Football: au tribunal Riolo contre Deschamps, l'ombre de la lésion de Benzema

Football: au tribunal Riolo contre Deschamps, l'ombre de la lésion de Benzema

Le commentateur Daniel Riolo comparaissait jeudi pour diffamation et les réquisitions ont appelé à sa condamnation après avoir traité en direct le coach des Bleus Didier Deschamps de "menteur" concernant la lésion de Karim Benzema, absent in extremis pour la Coupe du monde 2022.

Quatre jours suivant le succès 3-1 des Bleus face à l'Azerbaïdjan pour boucler les qualifications à la Coupe du monde 2026, le cadre change radicalement. Expression sérieuse, tenue grise, Didier Deschamps s'est présenté à la XVIIe chambre du tribunal correctionnel de Paris suite à sa plainte pour "diffamation" et "atteinte à l'honneur". Après une séance marathon de cinq heures, la décision est en délibéré et sera prononcée le 30 janvier 2026.
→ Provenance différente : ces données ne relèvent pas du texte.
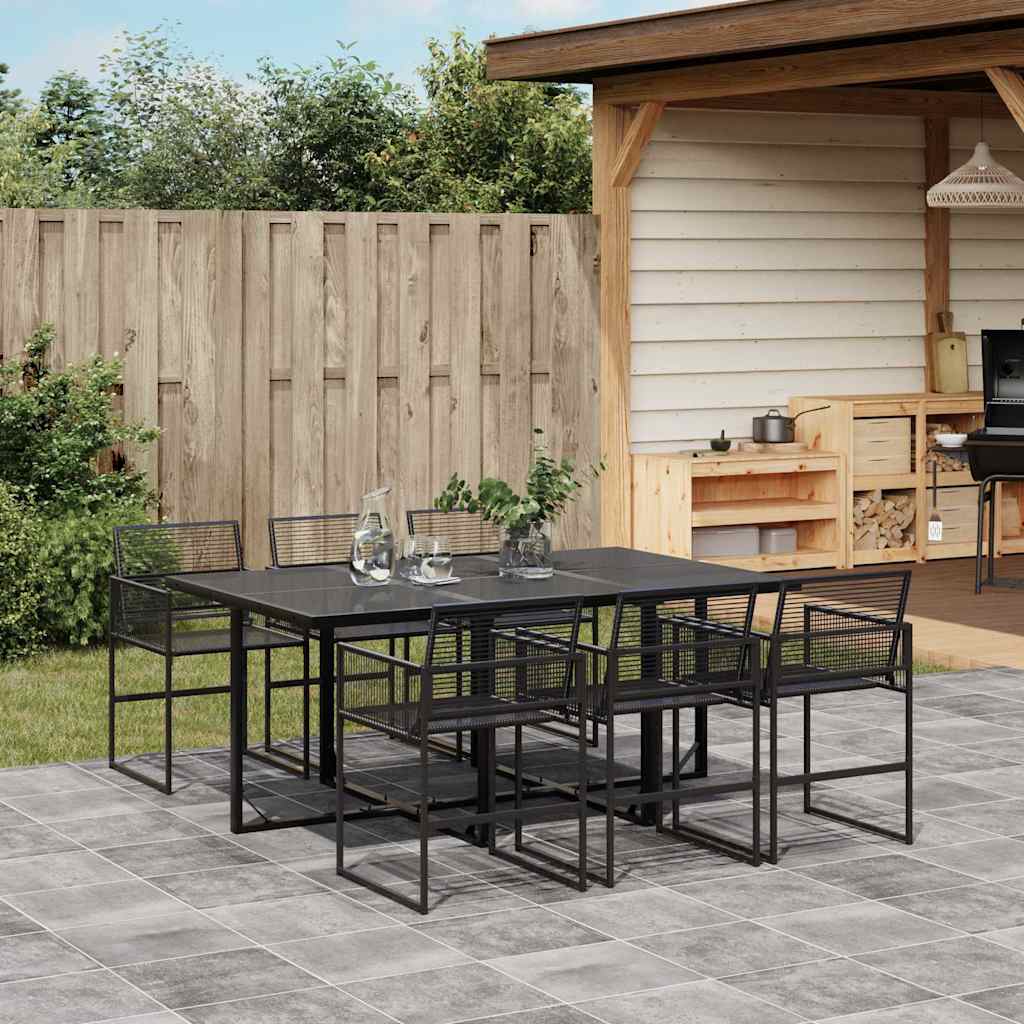 Set da Pranzo da Giardino 7 pz Nero in Polyrattan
Le motif: trois segments de l'émission "L'After Foot", le talk-show quotidien sur le football, diffusée sur RMC de janvier à mars 2023.
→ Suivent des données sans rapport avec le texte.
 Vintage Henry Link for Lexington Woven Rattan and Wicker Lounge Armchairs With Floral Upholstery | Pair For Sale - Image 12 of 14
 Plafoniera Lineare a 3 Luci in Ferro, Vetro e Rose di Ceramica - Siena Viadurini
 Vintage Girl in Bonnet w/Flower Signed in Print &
L'avocate de Didier Deschamps, Me Isabelle Wekstein, s'est offusquée que le spécialiste sportif ait reproché au sélectionneur d'avoir "caché intentionnellement la réalité au monde entier sur le retrait de Karim Benzema" juste avant le coup d'envoi de la Coupe du monde au Qatar.

Impossible de tolérer

D'autres déclarations visées accusaient le sélectionneur des Bleus d'être impliqué "dans toutes les histoires troubles du football français", en mentionnant par exemple l'affaire de corruption VA-OM de 1993 ou le cas de dopage à la Juventus Turin en 2010.

"Il m'est impossible de tolérer ces déclarations qui nuisent à mon intégrité et à mon honneur", a affirmé Didier Deschamps aux magistrats.

"J'entretiens de bons rapports avec les médias, je suis ouvert à l'examen, au débat, à des critiques sévères ou injustes, c'est dans l'ordre des choses. Je respecte la liberté de la presse tant qu'on ne glisse pas vers des attaques contre mon intégrité", a précisé le sélectionneur, qui assigne en justice un journaliste pour la première fois.

Daniel Riolo a défendu à la barre une "émission d'opinions" où il décortique quotidiennement l'univers du football devant 13,9 millions d'auditeurs (en direct et podcast), d'après Médiamétrie.

"Je n'ai pas accusé Didier Deschamps d'être mêlé à l'affaire VA-OM ou d'avoir dopé à la Juve. C'était une remarque générale", a-t-il clarifié.

Contrairement à son style habituel dans l'émission, il a affirmé avoir basé son éditorial où il traitait le sélectionneur de "menteur" sur des sources fiables.

"Lien conflictuel"

"Le docteur que j'ai consulté m'a indiqué que Benzema pouvait jouer, j'ai accompli mon rôle(...). Benzema mériterait d'être à ma place, cela semble davantage lié au lien conflictuel entre les deux personnalités", a-t-il poursuivi en évoquant un retweet du Ballon d'Or qualifiant de menteur le sélectionneur sur l'incident de la Coupe du monde au Qatar.

L'affaire de la lésion de Karim Benzema a été examinée en détail. Point de discorde: les circonstances du départ de l'avant-centre en novembre 2022, à trois jours du premier match des Bleus.

Le numéro 9 du Real Madrid avait dû abandonner le groupe pour une déchirure musculaire. Pourtant, il avait repris l'entraînement mi-décembre avec son équipe, relançant les débats sur la sévérité de sa blessure.

Convoqué comme témoin, le médecin des Bleus Frank Le Gall a soutenu son diagnostic et l'officier de sécurité Mohamed Sanhadji a confirmé que le départ de Benzema s'était déroulé "conformément aux procédures".

Didier Deschamps a maintenu sa version. "Le médecin revient avec Karim. Je me rends avec lui dans sa chambre. Et là, je découvre un joueur dégoûté, anéanti. (...) Karim me dit alors: +C'est fini+", a expliqué le sélectionneur, précisant avoir subi des menaces accrues après cet événement.

"Je suis choqué par les paroles de Riolo, il me transforme en nouvelle cible en affirmant des faits sans les vérifier", a-t-il argué.

Le parquet a requis la condamnation du journaliste, déplorant que "l'enquête n'ait pas été menée sérieusement" et que les propos aient été "lancés aux auditeurs sans filtre". Pour compenser son dommage moral, le sélectionneur des Bleus a réclamé un euro symbolique.